If you looked in my briefcase, gym bag and office drawers, you will find the following:
– A shaker bottle with my ‘Daily Whey’ protein powder ready to scoop and serve
– An apple pie or chocolate chip cookie dough Quest Bar
– A jar of Smucker’s Natural Creamy Peanut Butter
– A light string cheese (I prefer Jalapeno)
– Two rice cakes
– A ziploc bag of almonds, walnuts or peanuts
– A small organic apple
– Two small clementine’s
– A bag of baby carrots
– A 6oz container of plain greek yogurt
– Two hardboiled eggs
– A simple granola or fruit and nut bar
– Kashi Bar
– Lara Bar
– Kind Bar
– Bear Naked Granola Bar
– Homemade Granola Bars
All of these items are quick, convenient, easy to eat, easy to store, and most importantly delicious! There are many other options that exist, but I find that these key items cover my bases. If I am on the go, I can select any one of these items to eat in less than 1 minute. I choose what I eat based on the type of activity I will perform. If I am stuck without food and will be sedentary, my need for carbohydrates is only for mental function. With those needs in mind, the combination of an apple and a light string cheese provides some much needed brain power, along with some protein and a couple vitamins and minerals worth mentioning. I will openly admit my briefcase always has a couple scoops of protein and a quest bar in it. This isn’t because I affiliate with the common misconception that I will wither away without a steady stream of protein; it’s because they are simply formulated and versatile products with a reasonable shelf life, and they store at room temperature. These items allow me to fulfill my protein requirements, and they leave me satisfied when I need a meal and can’t readily access anything. These items have saved me on numerous occasions, and are a fundamental reason for my ability to never get stuck.
The snacks above are designed for someone trying to prevent a bad decision. I find these helpful when I don’t have time to sit and eat a formal lunch. With the list above I can still get fruit, vegetables, nuts, and protein sources. But what about real food? Another component of never getting stuck is having access to real food.
To ensure access to proper meals, I am a supporter of the assembly line cooking method. It is an efficient way to prepare meals in advance, so you always have delicious and nutritious meals ready to go.

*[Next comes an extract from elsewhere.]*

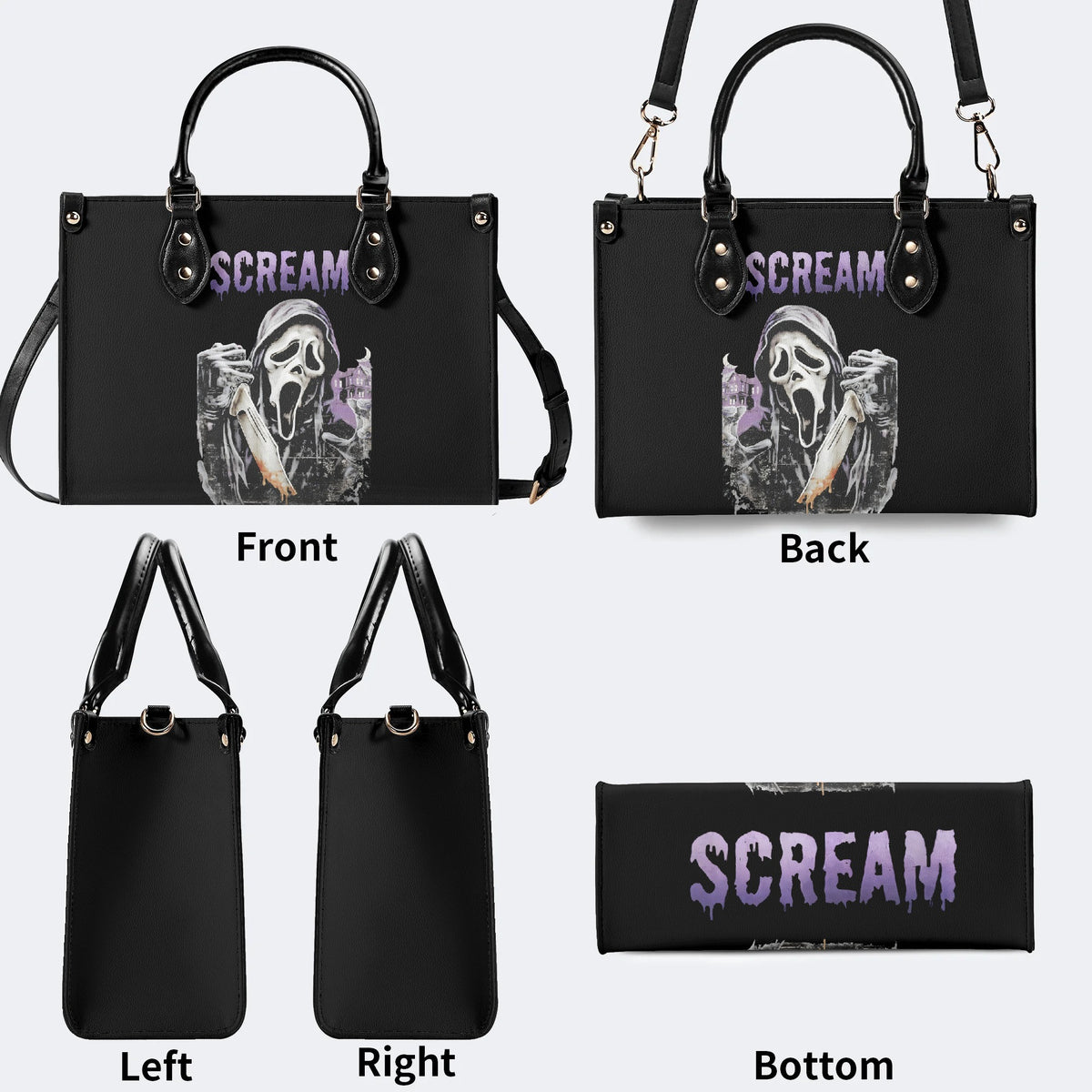 Horror Ghostface Print - Leather Handbag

Some of the key components include:
Chicken, Beef, Pork and Fish can all be baked at the same temperature (350 degrees F), as well as grilled or sautéed. With this in mind prepare all your meats for the week in one hour.

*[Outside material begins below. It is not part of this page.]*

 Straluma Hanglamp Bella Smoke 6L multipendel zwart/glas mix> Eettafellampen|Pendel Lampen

– Take cuts of each meat and season as you please. Place in oven in different pans.
– Fish takes 25-30min, steak takes 30min, pork takes 35min, and chicken takes 40 minutes. In less than one hour you have a variety of meats prepared for the week, 90 seconds of microwaving away from the plate.
Rice, quinoa, couscous, pasta and potato all have similar carbohydrate profiles, which means equal servings can be swapped out evenly (½ cup-1 cup). Cook a blend of these with vegetables added and spice as you please when the meat is cooking so you always have some ready.
“Steamfresh” Vegetables: The frozen food section has gotten a make-over recently. Now, you are only 5 minutes away from 2.5 cup of fresh-steamed anything. The vegetables are an easy side to a pre-cooked meat, and provide plenty of micronutrients and fiber to keep your body running properly.
With these options you will always have access to nutritious meals, making pick-up and delivery less tempting and obsolete. Pair it with some smart snacks and you will maintain a successful healthy lifestyle plan regardless of your schedule.
This post was contributed by Andrew M. Wade, RDN, LDN. Andrew is a Registered Dietitian with Case Specific Nutrition.